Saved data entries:
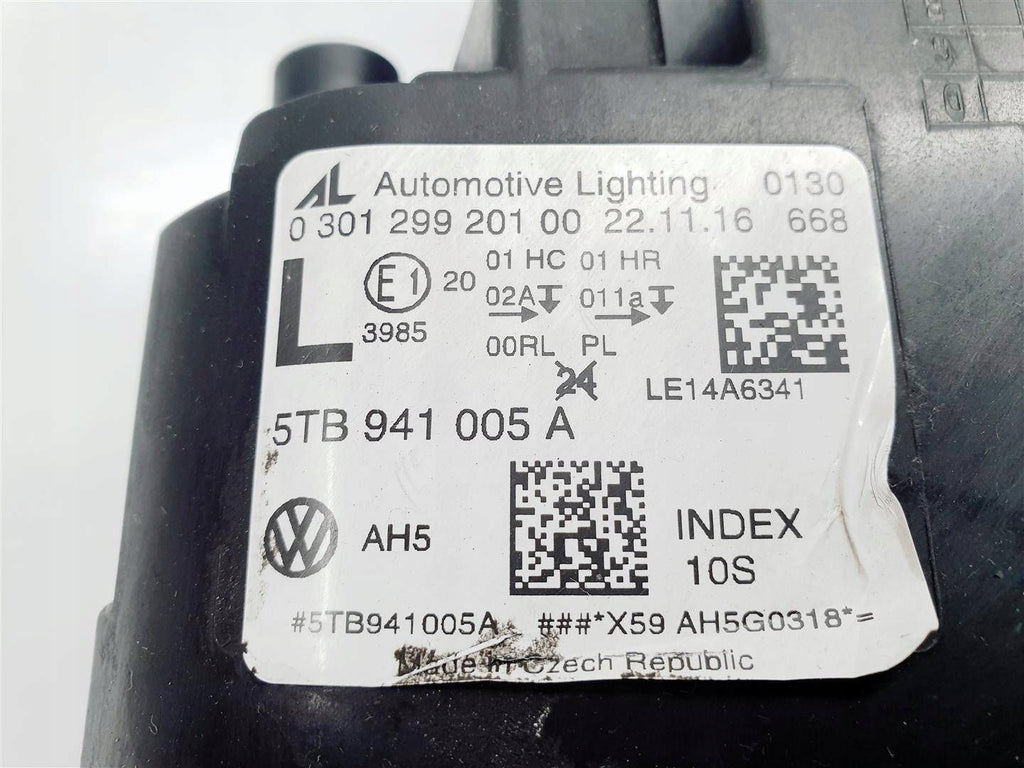 Frontscheinwerfer VW Touran 5TB941005A LED Ein Stück (Rechts oder Links)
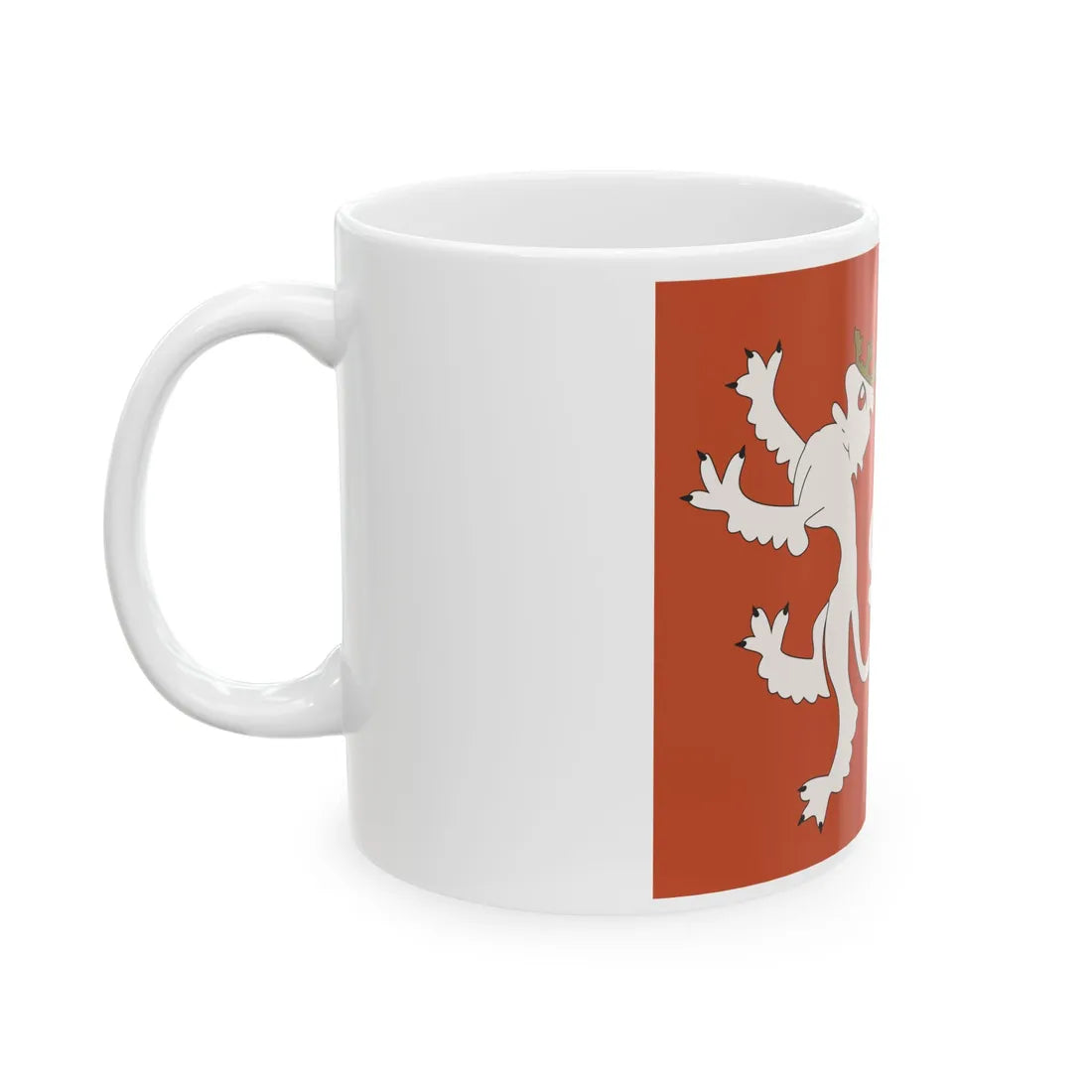Royal banner of the Kingdom of Bohemia (Czech Republic) White Coffee Mug - Go Mug Yourself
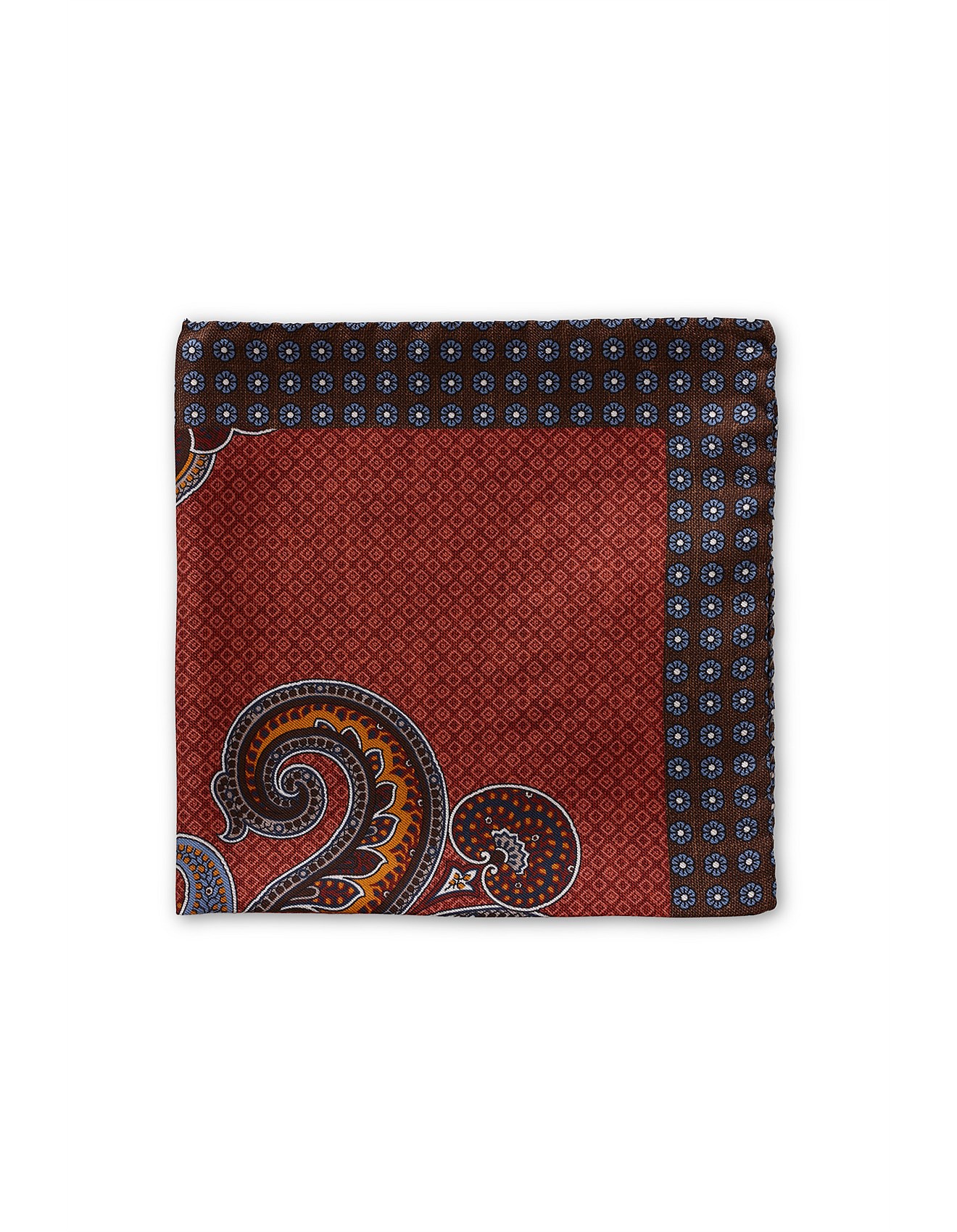 Joe Black BORDERED PAISLEY POCHETTE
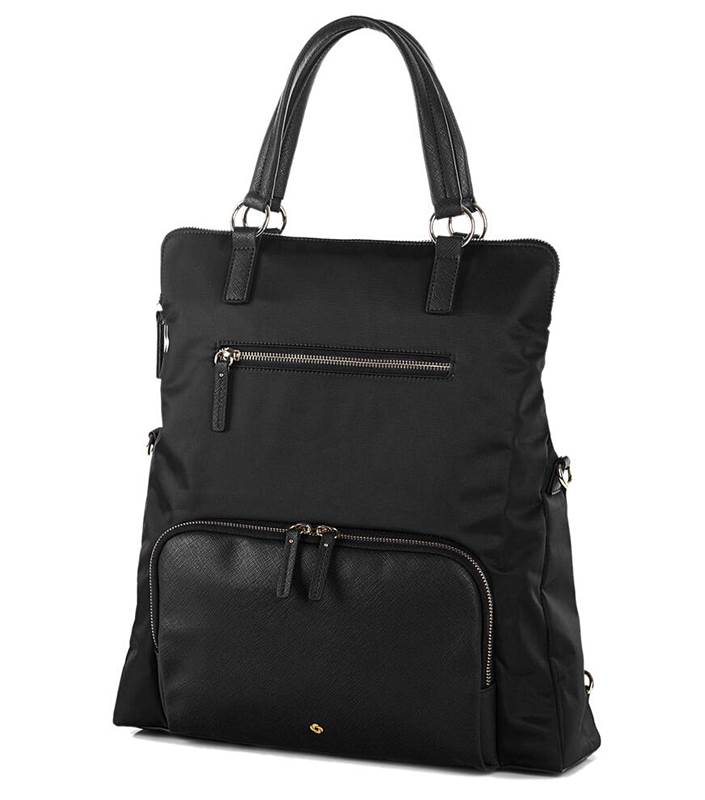 Samsonite Encompass Ladies Convertible 14.1" Laptop Tote Backpack - Black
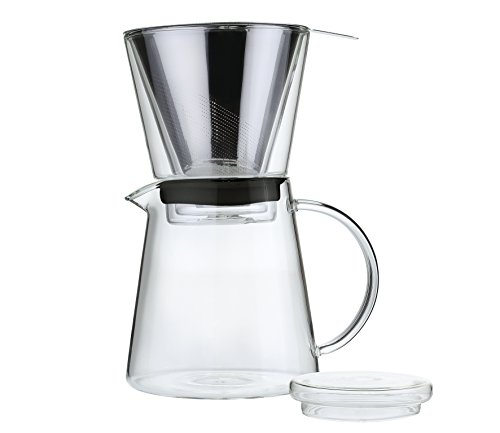 Zassenhaus M045000 Kaffeezubereiter Coffee Drip 6 Tassen, Glas, Transparent, 16.5 x 16 x 27.5 cm von Zassenhaus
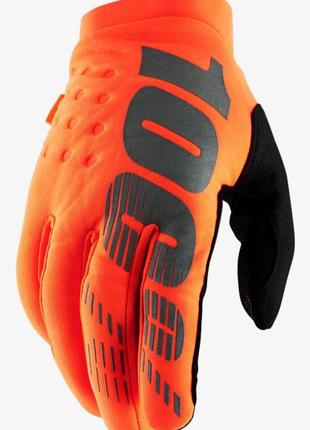 Дитячі зимові рукавички Ride 100% BRISKER Glove (Fluo Orange),...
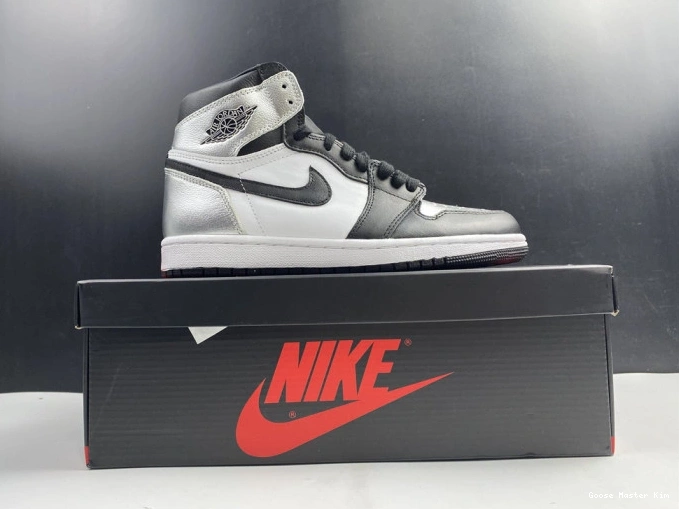 JORDAN SILVER HIGH WMNS 1 TOE AIR CD0461-001 OG 0714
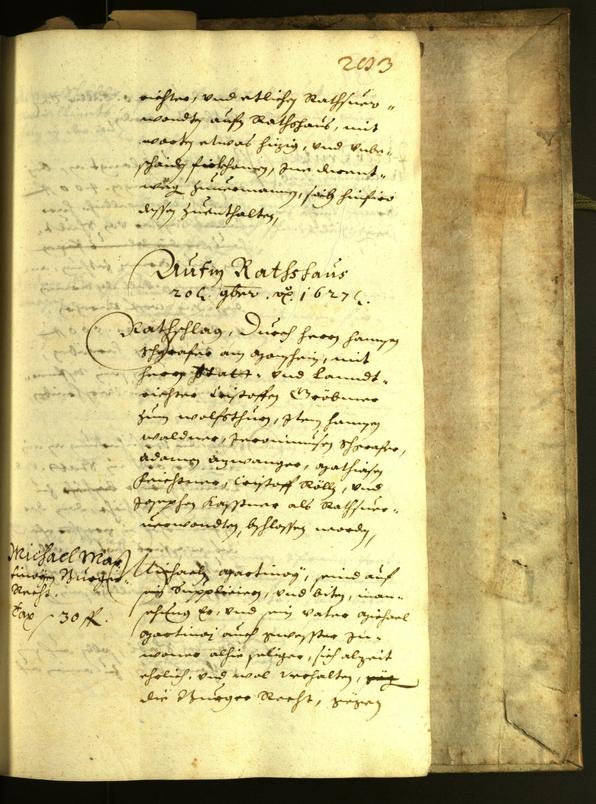 Archivio Storico della Città di Bolzano - BOhisto protocollo consiliare 1627 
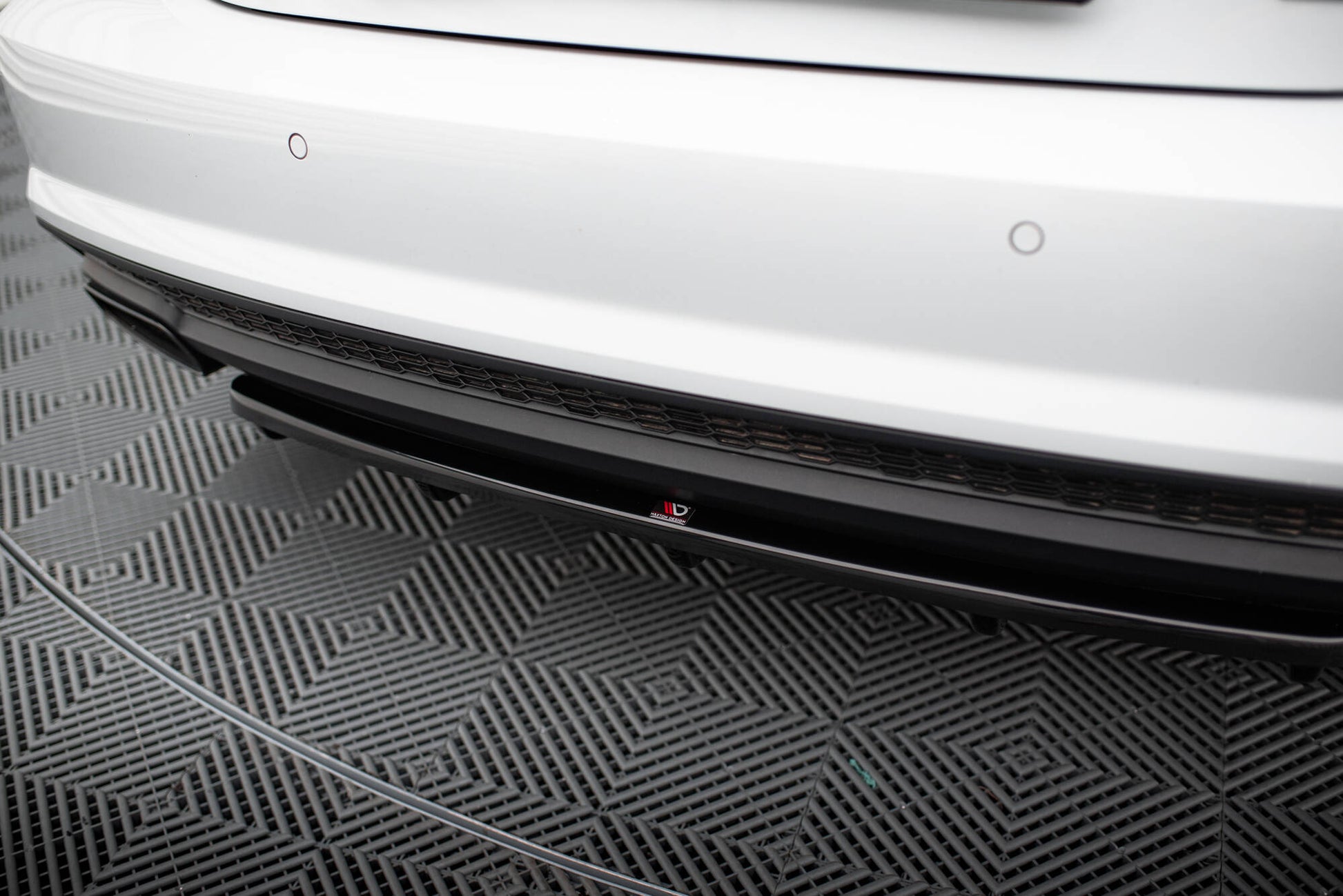 Heckansatz im DTM LOOK Audi A7 S-Line C7 Facelift schwarz Hochglanz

**YOUR TASK:** Only the lines from the one containing "JORDAN SILVER HIGH" through the final line of the records should be transcribed, exactly and with no pictures.

**TASK SOLUTION:**
 JORDAN SILVER HIGH WMNS 1 TOE AIR CD0461-001 OG 0714
 Archivio Storico della Città di Bolzano - BOhisto protocollo consiliare 1627 
 Heckansatz im DTM LOOK Audi A7 S-Line C7 Facelift schwarz Hochglanz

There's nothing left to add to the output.